Saçları eski haline dönüyordu ve kılıcın vaat ettiği gibi hiçbir yan etkisi yok gibi görünüyordu. Neredeyse anında kılıcı yere düşürdü.
'İkimiz iyi bir takım olduk.'
Dövüş sırasında Layla biraz toparlanmayı başarmıştı, kendisini binadaki bir duvara dayadı ve Russ'ın alabileceği şekli gördü.
'Kılıç… Onun gücünün tüm potansiyelini bir kez bile ortaya çıkarmadım. Böyle bir şeye dayanabilir miyim, onu Russ'ın yaptığı gibi kullanabilir miyim, bu mümkün mü?' Leyla düşündü.

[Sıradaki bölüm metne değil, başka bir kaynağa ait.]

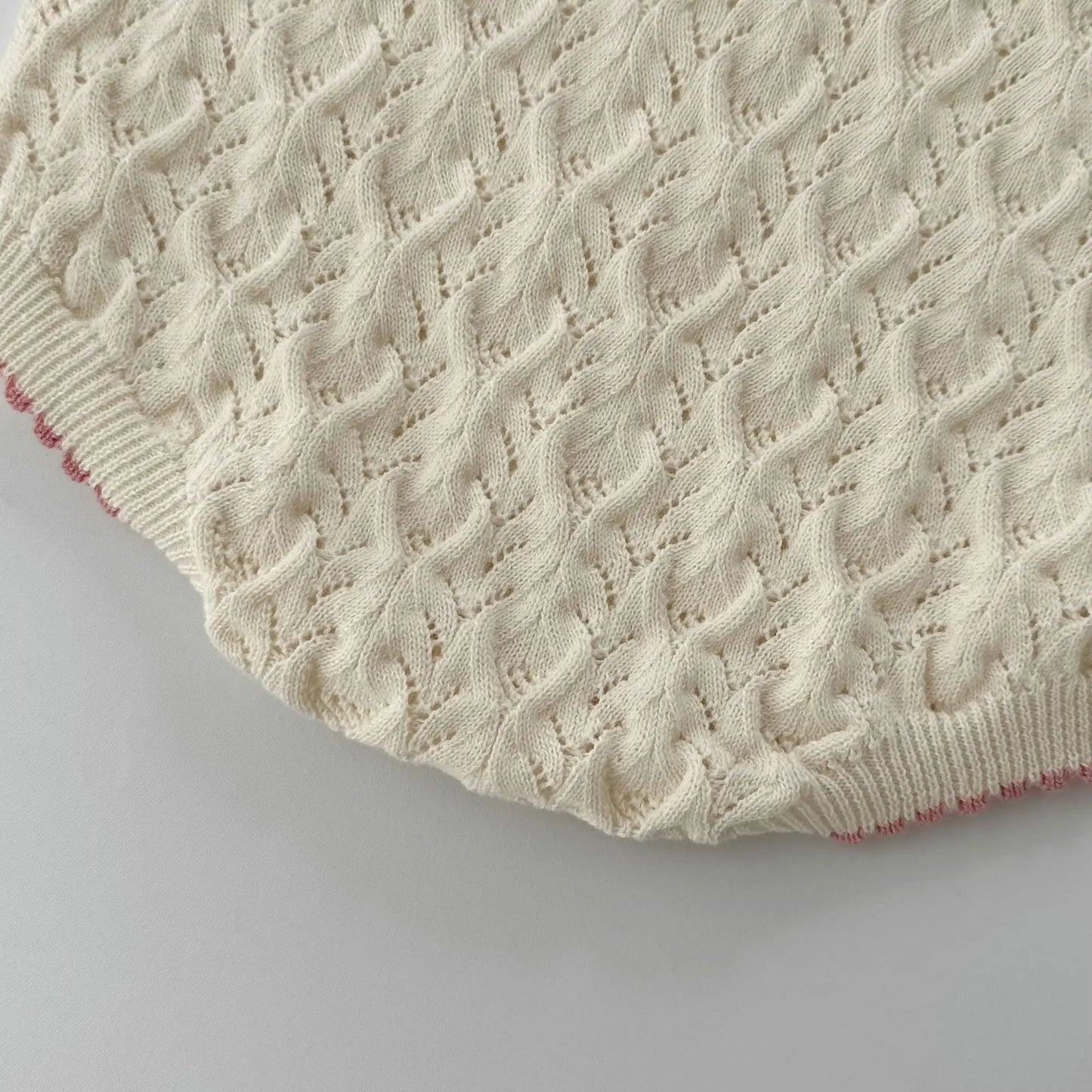Barboteuse tricotée d'été – Élégance rétro pour mini fille en coton doux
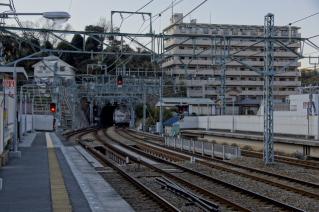 京浜急行:逸見駅より安針塚駅方面を望む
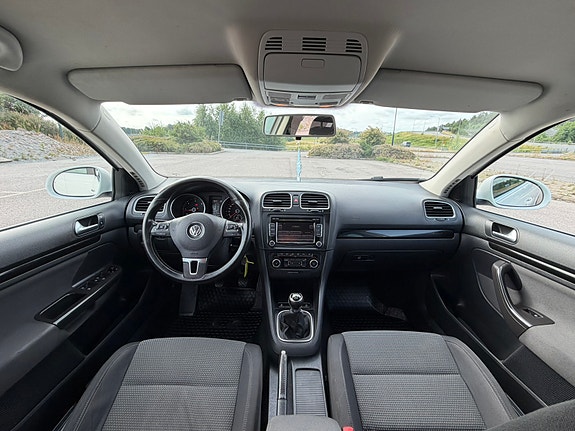 Volkswagen Golf VI 9 of 13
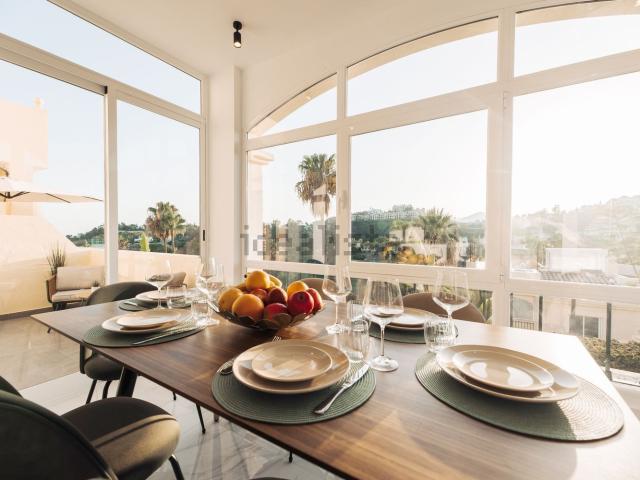 Dúplex en alquiler en Benahavís, Málaga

Russ, savaşın yol açtığı yıkıma ve kaosa baktı, hepsinin önünde uzun bir yol olacağını biliyordu. Gerçek şu ki, hâlâ dövüşlerini bitiren birkaç kişi vardı; Blades, iki Mermerial kız kardeş ve Jake de Beşli smaçını yeni yenmişti.
Bu hepsi için büyük bir zaferdi.
“Ahhh!” Russ başını kaldırıp baktığında bitkin bir halde bağırdı, ancak hepsine yaklaşan bir gemi gördü.
Hepsinin haberi yoktu, en kötüsü yaklaşıyordu.
*****
*****
MvS güncellemeleri ve gelecek çalışmalar için lütfen beni aşağıdaki sosyal medya hesaplarımdan takip etmeyi unutmayın.
Instagram: Jksmanga
Patreon jksmanga
Anlaşmazlık: discord.gg/jksmanga
MvS, MWS ya da başka bir dizi haberi çıktığında ilk önce orada görebileceksiniz ve bana ulaşabilirsiniz. Eğer çok meşgul değilsem cevap veririm.